▶ _Exercise details_
Quote all of the data that follows exactly as written, skipping the images.

- Opening Delimiter -

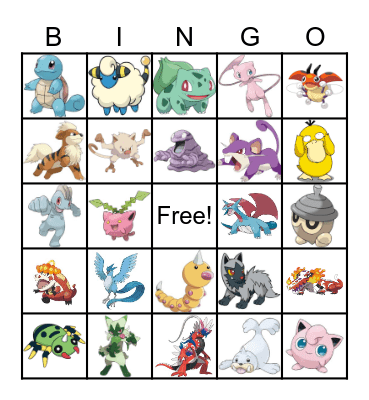 Pokemon Bingo Card
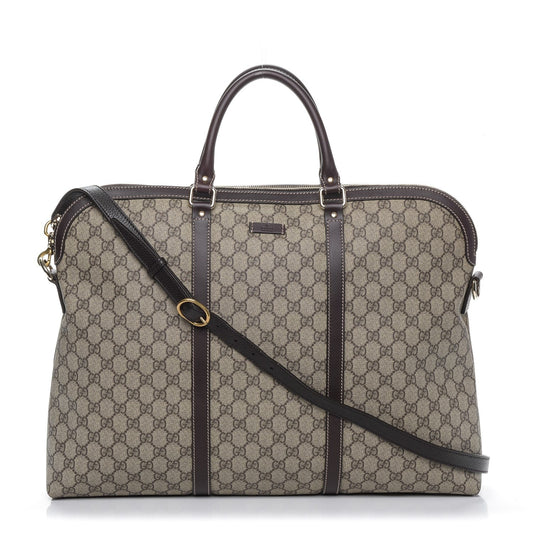 Gucci GG Plus Cuoio Minerva Monogram Briefcase in Cocoa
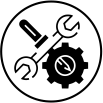 A black and white circular icon featuring a wrench and a gear, symbolizing tools, maintenance, or settings.
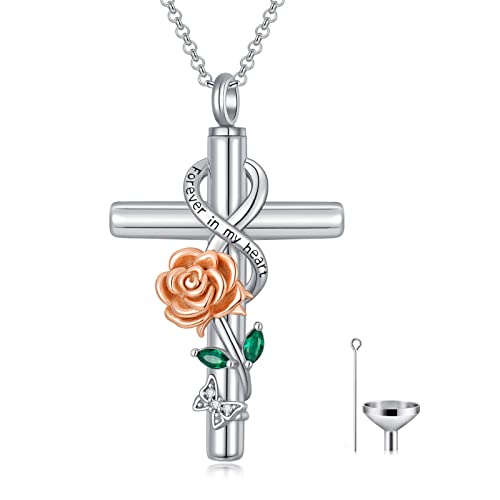 Cross Urn Necklaces for Ashes Sterling Silve 12 Month Birth Flower Cremation Jewelry for Ashes Urn Pendant Keepsake Memorial Pendant Necklace for Ashes for Human Women Pet - color: 06-June-Rose, style: Non-personalized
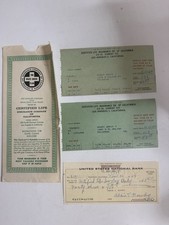 1960s California Life Insurance Ephemera Lot 1964 Cancelled Bank Check Policy picture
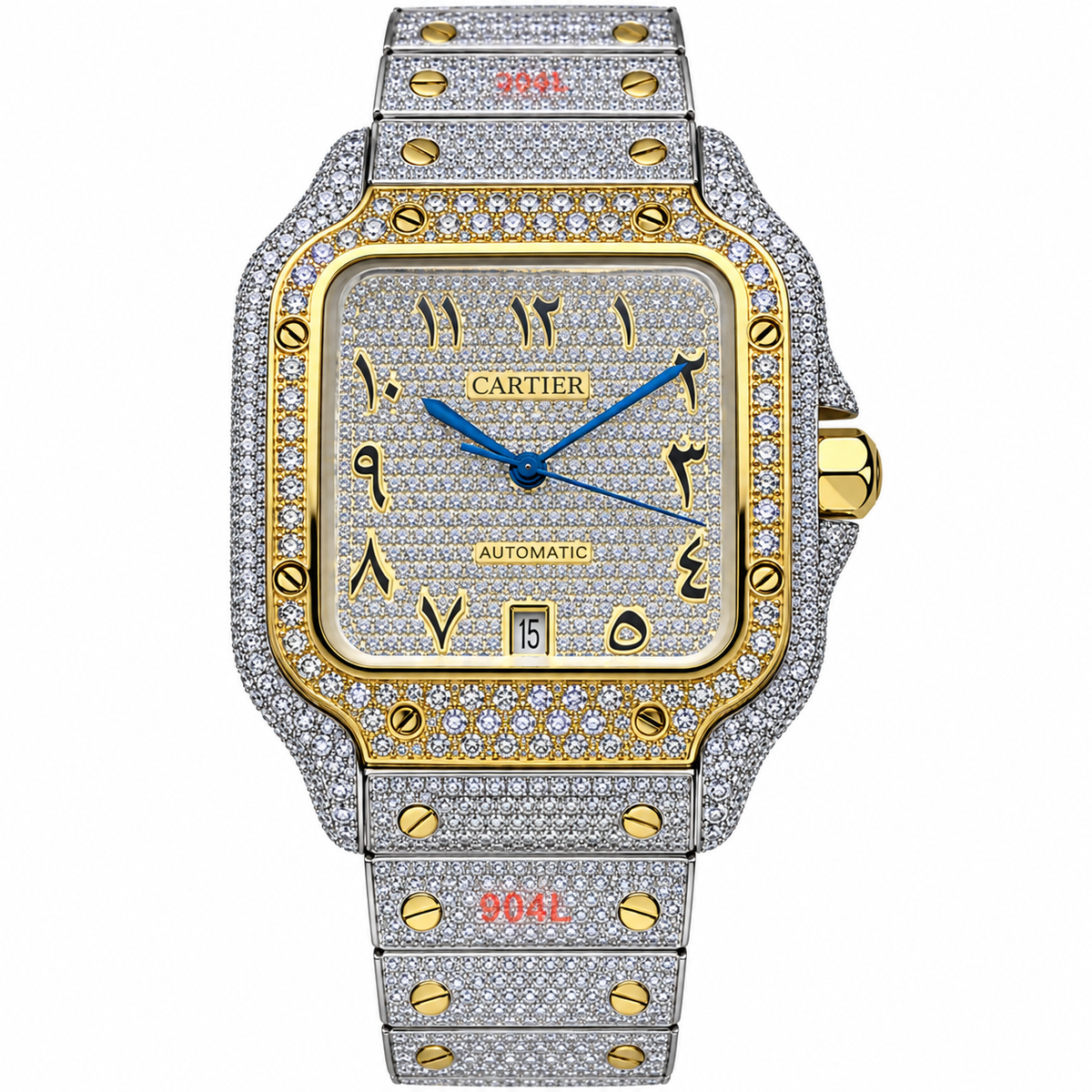 Cartier Santos Automatic — Full Diamond Iced Out, Two-Tone Gold & Steel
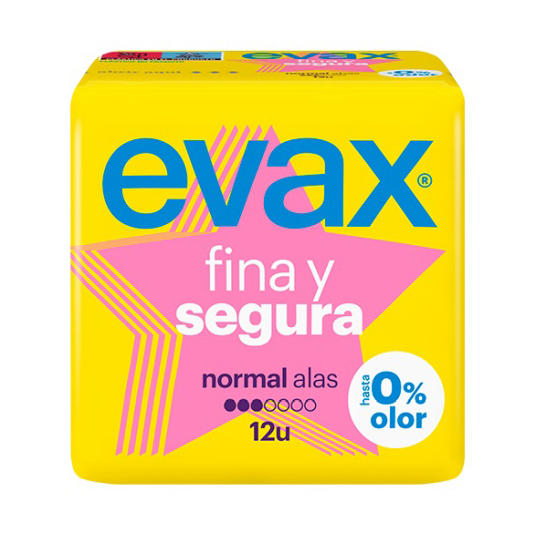 evax fina y segura compresa con alas normal 12uds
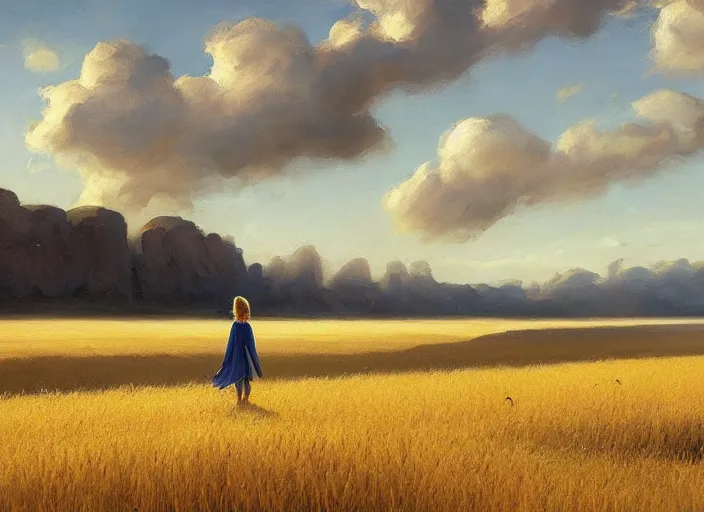 Image similar to a lone princess walks through a vast wheat field in the cosmic sky by vladimir volegov and alexander averin and peder mørk mønsted and ross tran and raphael lacoste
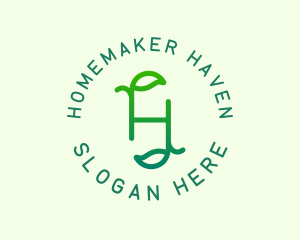 Organic Leaves Letter H logo design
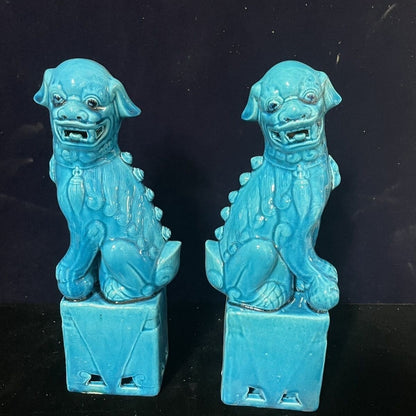 Jingdezhen Light Blue Porcelain Foo Fu Dog Lion Statue Guardion Lion Decor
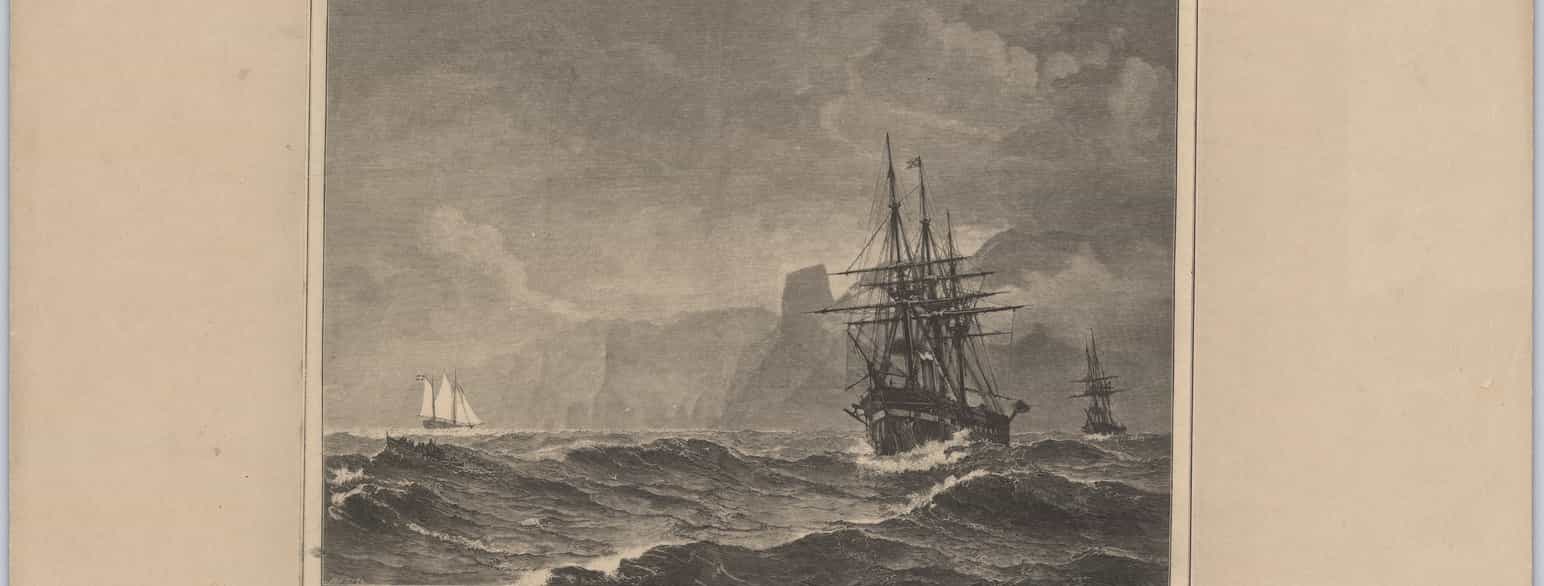 Kong Christian IX ombord i Fregatten Jylland forlader Færøerne paa Reisen til Island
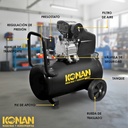 Compresor De Aire Con Kit Konan 40 Lts 2hp 8 Bar 135 L/min Negro 50 Hz Monofásica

- Closing Delimiter -

▶ _Exercise result_
 Pokemon Bingo Card
 Gucci GG Plus Cuoio Minerva Monogram Briefcase in Cocoa
 A black and white circular icon featuring a wrench and a gear, symbolizing tools, maintenance, or settings.
 Cross Urn Necklaces for Ashes Sterling Silve 12 Month Birth Flower Cremation Jewelry for Ashes Urn Pendant Keepsake Memorial Pendant Necklace for Ashes for Human Women Pet - color: 06-June-Rose, style: Non-personalized
 1960s California Life Insurance Ephemera Lot 1964 Cancelled Bank Check Policy picture
 Cartier Santos Automatic — Full Diamond Iced Out, Two-Tone Gold & Steel
 evax fina y segura compresa con alas normal 12uds
 Image similar to a lone princess walks through a vast wheat field in the cosmic sky by vladimir volegov and alexander averin and peder mørk mønsted and ross tran and raphael lacoste
 Organic Leaves Letter H logo design
 Jingdezhen Light Blue Porcelain Foo Fu Dog Lion Statue Guardion Lion Decor
 Kong Christian IX ombord i Fregatten Jylland forlader Færøerne paa Reisen til Island
 Compresor De Aire Con Kit Konan 40 Lts 2hp 8 Bar 135 L/min Negro 50 Hz Monofásica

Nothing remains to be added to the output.